Week 3: Recoup of the previous two weeks, each drilled seperately, then resistance added not only in the beginning, but also to the end (during the escape) to ensure the students could get away proplerly. The scenario drill could end up as either mount or guard (depending on how you went to ground, and how they followed you), so the students wouldn't know which one they had to use until they were in the situation. This was finished off with a game, whereby one person started on top, the person underneath had to reverse them and escape.... but once reversed, the person who was on top, and was now underneath would try to reverse and escape themselves. This made sure there was resistance on both sides, and obviously the winner was the one who managed to get up and away.

As I said, this is just a couple of examples, the drills can and do change depending on what the subject we are covering is. But it's a good indication of how we approach these things. Hope that helped.


----------



## xfighter88 (Dec 21, 2010)

Great stuff Chris. Thanks for the explaination. I am going to have to do the spinning drill.


----------



## Gaius Julius Caesar (Dec 21, 2010)

Short of actually being attacked or fighting, all drills will have a training flaw, so you must recognize what it (or they) are and then compensate through another tye of drill.

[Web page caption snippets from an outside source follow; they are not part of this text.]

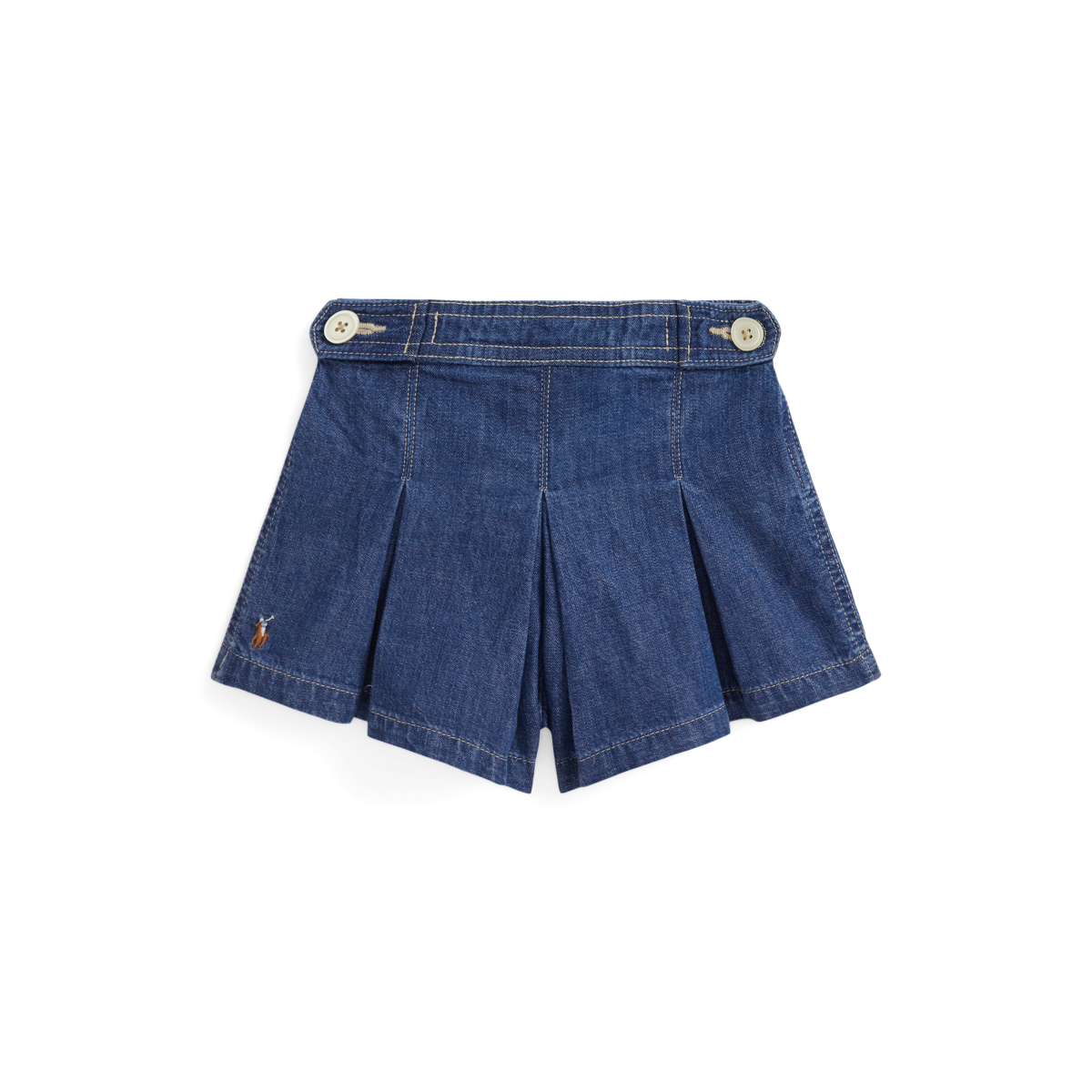 Ralph Lauren☆ポニー 刺繍 ロゴ インディゴ デニム ショート プリーテッド インディゴ デニム ショートパンツ | ラルフ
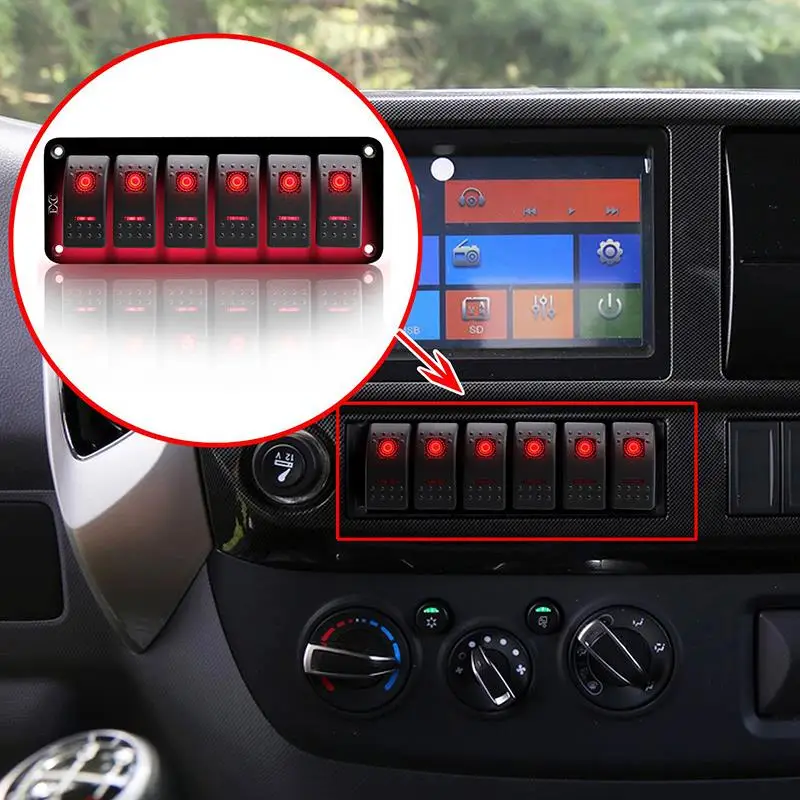 6 банд светодиодный светильник морской лодки RV кулисный переключатель панель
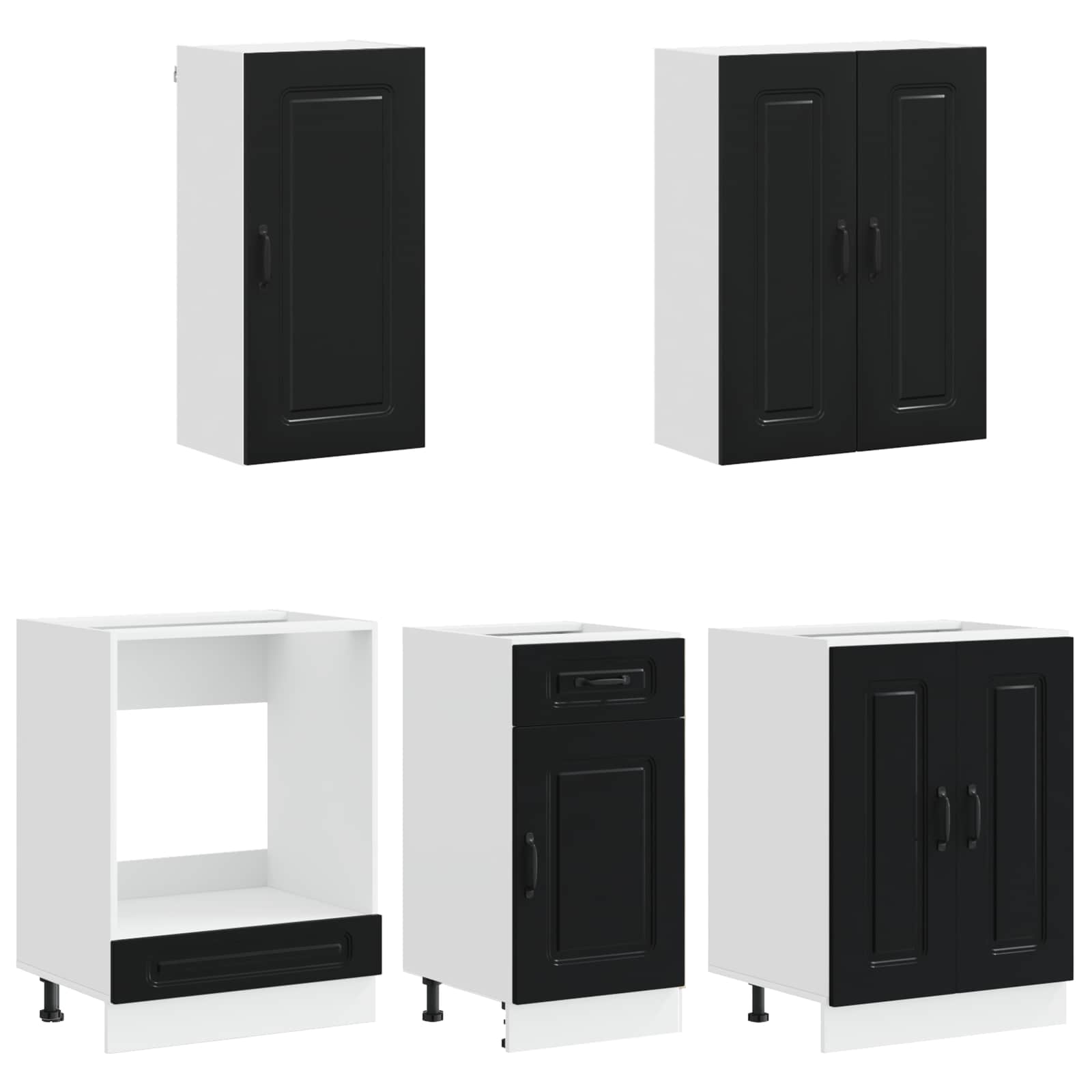 Kitchen Unit KALMAR 5 pcs Black Engineered Wood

 We like to cover alot of ground.

 From doing your technique drills with focus and increaeing speed and intensaty.
 Even a prearanged attack should be as close to the real thing as possable, within scale.
 And onece you are cofrotable, you have Uke come for you for real.

 Then you have Immidiate Action and Scenario drills, where you are confronted and or attacked differnt ways and have to respond appropriatly, again with verrying intesaty and varius levels of protectective equipment depending on the intensaty and type of attackls and respnses we want to drill.

 We go into common attacks and some worse case scenario to downright Kode Asha Maru, no hope stuff.

 We also spar using Boxing rules, Modified MMA rules, Randori (Throwing and grappling sparring)

 Then all the weapons work helps as well with the empty hand v empty hand and the empty v weapons.


----------